In reply to Timmd:
No the marks were still good. The point is that in humanities you have to be highly precise with your citations as 98% of their output is what philosopher A might have meant when he criticized the comments of B on a proposal made by C (to caricaturize the field).
IMO, the ONLY relevant contribution woud be to provide a better version of the proposal made by C, or an entirely new proposal on a different topic! Everything else is something between irrelevant dross and self referential wank.
As I said elsewhere, there is good work done in the humanities, in a wide field from musicology to history and sociology (just to name the first three subjects that come to my mind where I could name concrete examples of excellent work).
However, in particular in philosophy and many of the new "postmodern" subjects the entire method descends into wordplay, with the obsession over citation styles as a highly revealing side effect.
This is also why we have the "plagiarism crisis" concerning the doctoral theses of many prominent German politicians: They do some shallow thesis just for the title, and then get caught out by plagiarism hunters for not correctly citing stuff. This would not be an issue if their theses contained some actual effing original thoughts! It is characteristic that not a single such thesis was from the natural sciences!

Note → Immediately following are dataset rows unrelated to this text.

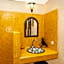 Riad Anya & SPA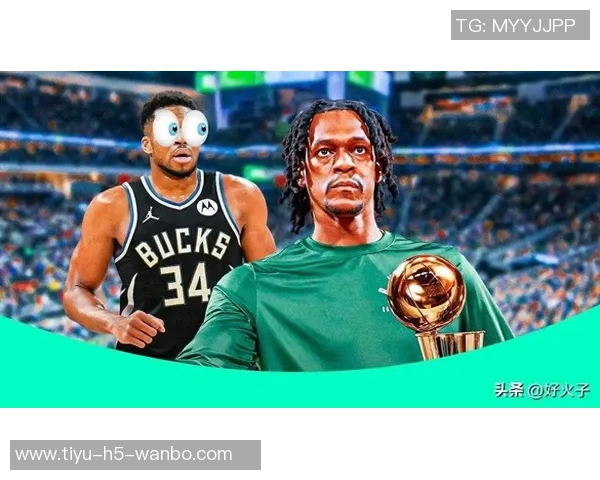 里弗斯赞科尔安东尼传球能力隆多的指导助力他成长为优秀控卫 里弗斯赞科尔安东尼传球能力隆多的指导助力他成长为优秀控卫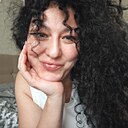 Знакомства: Юлия, 44 года, Киров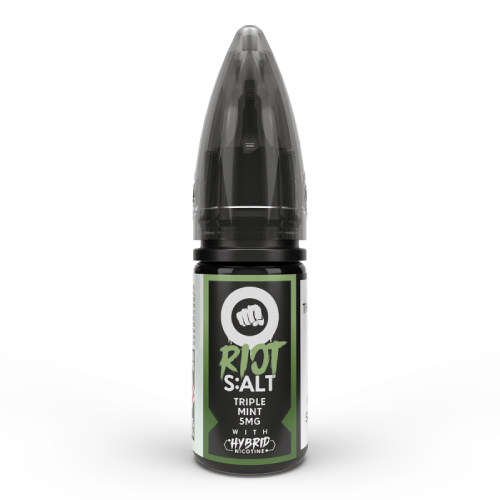 riot-salt-triple-mint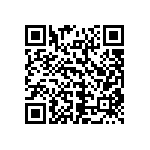 TPS7A5301QRGRRQ1 QRCode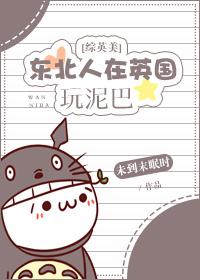东北小伙各国英语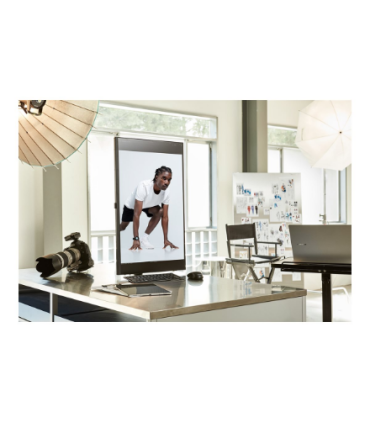 Samsung LS32D800UAUXEN 32"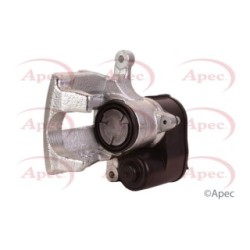 Brake Caliper APEC LCA755N OE Ref 8603724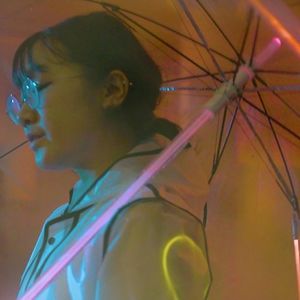 Yaeji - Raingurl (R3LL Remix) (Single)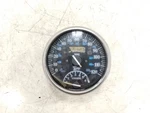 2000 Victory V92C Speedometer Tachometer Gauge Damage. Fixed Price $56.95.
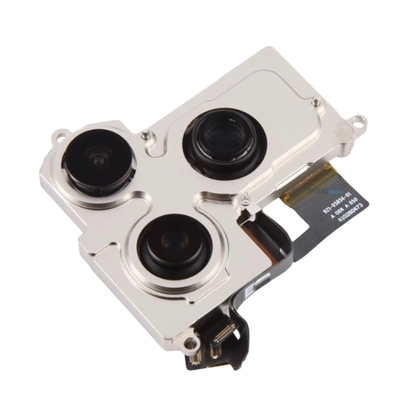 camera sau iPhone 17 chính hãng GENA loại Pro 4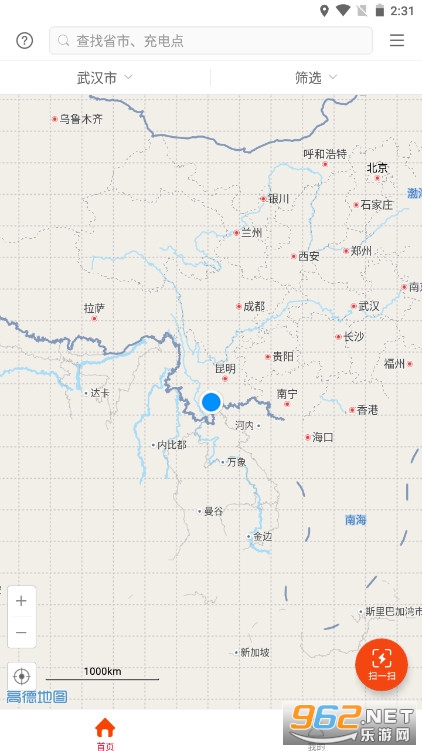�����app��ͼ0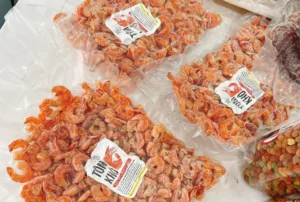 combo-dac-san-nha-trang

Also, if I ran my own papers through a plagiarism detector (which our university recommends for correcting coursework) I would certainly get caught out for autoplagiarism. I don't give a shit, though: There simply are not that many different ways of describing the stem cell system I work with concisely and correctly, so of course I will reuse almost identical sentences in the introduction of each paper. The difference is that the actual work that follows is completely new and does not consist of regurgating other people's observations.